Houses are moving off the market at a blistering pace.

2 MIN READ

Between April and June, U.S. home inventory tumbled 8.9% nationally year-over-year, and has now fallen for a record nine consecutive quarters, according to the Trulia® Inventory and Price Watch released Wednesday.

Inventory today is 20% lower than it was five years ago with the current number of starter and trade-up homes on the market decreasing 15.6% and 13.1% respectively, during the past year. Meanwhile inventory of premium homes has fallen by just 3.9%.

Falling inventory has also pushed affordability of homes across all segments to new post-recession lows. A typical starter-home buyer would need to dedicate 39.1% of their monthly income to buy a starter home – a 3.1-point increase from last year – while trade-up home buyers need 26.0% more than this time last year. Premium home buyers fared the best as they need to shell out 14.3% more of their income.


Across metros, falling inventory strongly correlates with how long homes stay on the market. On average, the more a market’s housing inventory has fallen over the past five years the faster homes come off the market. In 2012, 57% of homes nationally were still on the market after two months, while today that number has fallen to 47%.

Housing markets with the largest decreases in inventory during this time have also seen significantly fewer homes for sale after two months. Hurried home buyers this spring can mostly be found in the West, except for Columbus, Ohio, while the slowest moving markets are predominately in the South and Northeast.

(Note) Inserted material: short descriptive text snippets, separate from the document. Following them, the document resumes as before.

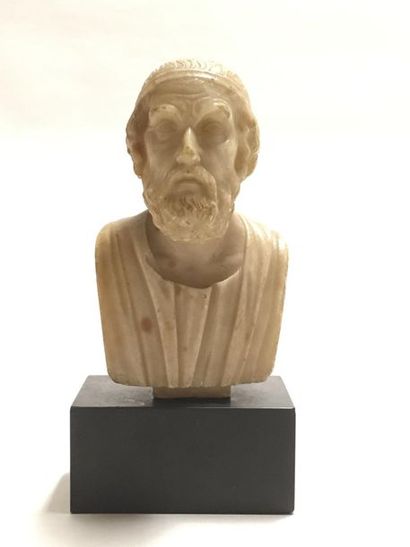 null Buste d'homme barbu en albâtre, école française ou italienne du XIXe siècle
H...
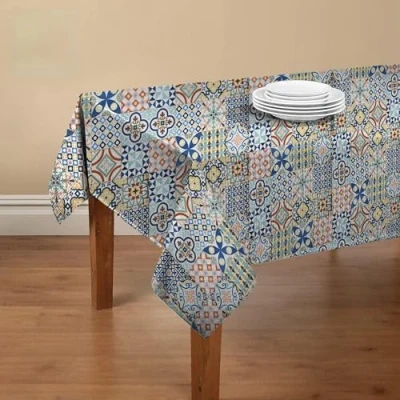 Abbildung von Doge Milano Tischdecke mit Digitaldruck, 100% Made in Italy Rutschfeste für Esszimmer, waschbar und schmutzabweisend, Modell Maiolica Rosalie, cm 180x140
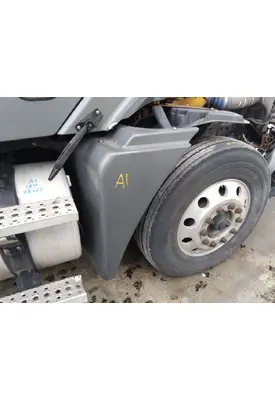FREIGHTLINER COLUMBIA 120 FENDER EXTENSION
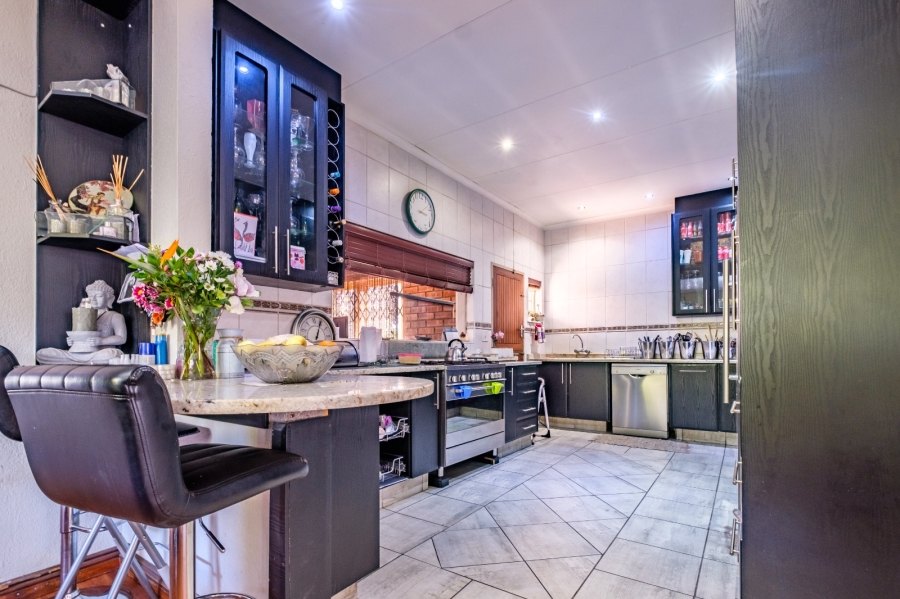 3 Bedroom Property for Sale in Brackendowns Gauteng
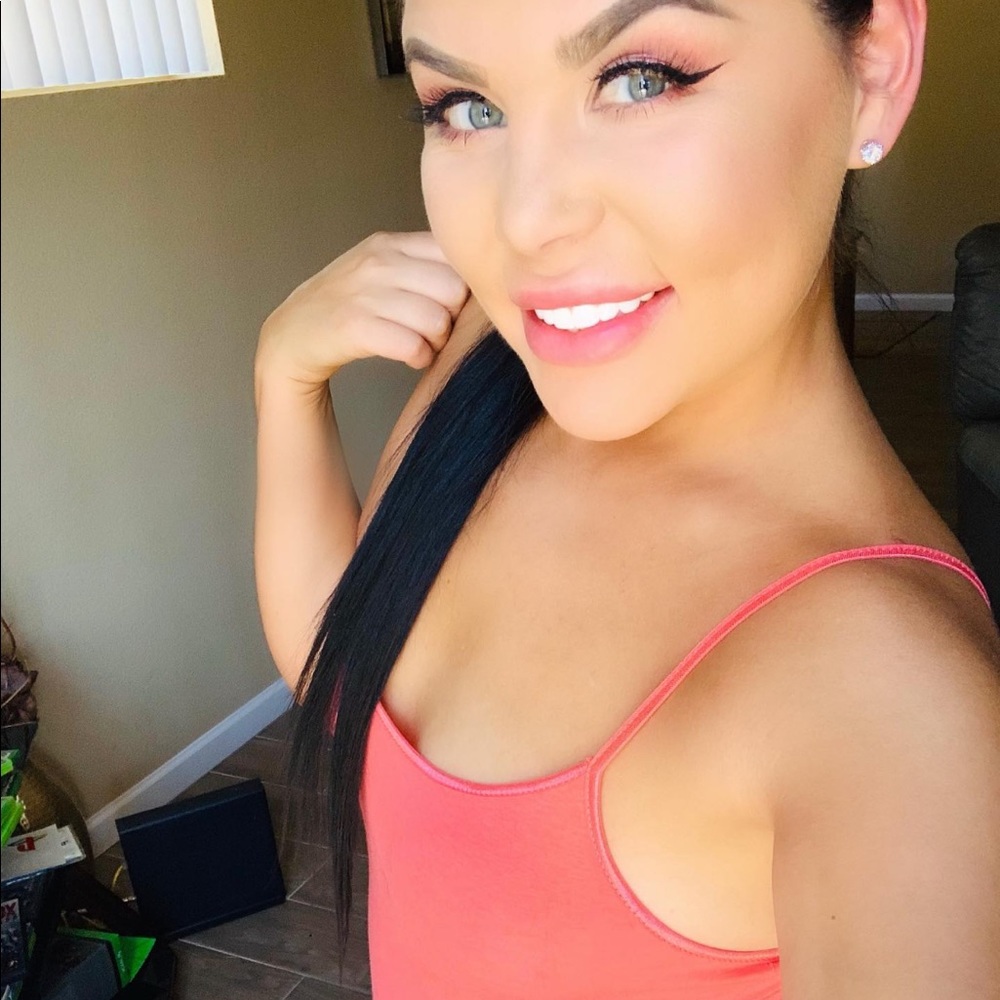 Meet your Posher, Kaylee!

America’s Fastest Moving Markets
U.S. Metro
% of Homes on Market after
Two Months (April 1 – June 1, 2017)
5-Year % Change in Housing
Inventory, 2012-2017
San Jose, CA
20.0%
-44.2%
Oakland, CA
20.3%
-30.5%
Seattle, WA
21.9%
-45.6%
San Francisco, CA
23.7%
-31.7%
Salt Lake City, UT
26.0%
-61.2%
Tacoma, WA
27.7%
-42.2%
San Diego, CA
28.2%
-55.8%
Colorado Springs, CO
31.6%
-54.8%
Columbus, OH
32.8%
-56.2%
Denver, CO
33.6%
-43.2%


“Markets that have witnessed larger decreases in inventory have experienced larger declines in the share of homes still sitting on the market after two months,” said Ralph McLaughlin, Trulia’s chief economist. “With these declines, falling inventory has also pushed affordability of homes across all segments to new post-recession lows.”

He continued, “As inventory continues shrink, the few homes that are available are flying off the market within a couple of months. In the tightest markets in California, only 1 in 4 homes are still on the market after two months. Clearly, this spring is not bringing the inventory relief buyers so desperately need. In today’s frenzied market, buyers must be prepared to (1) move fast, (2) be flexible with sellers’ timelines, and (3) make multiple offers.”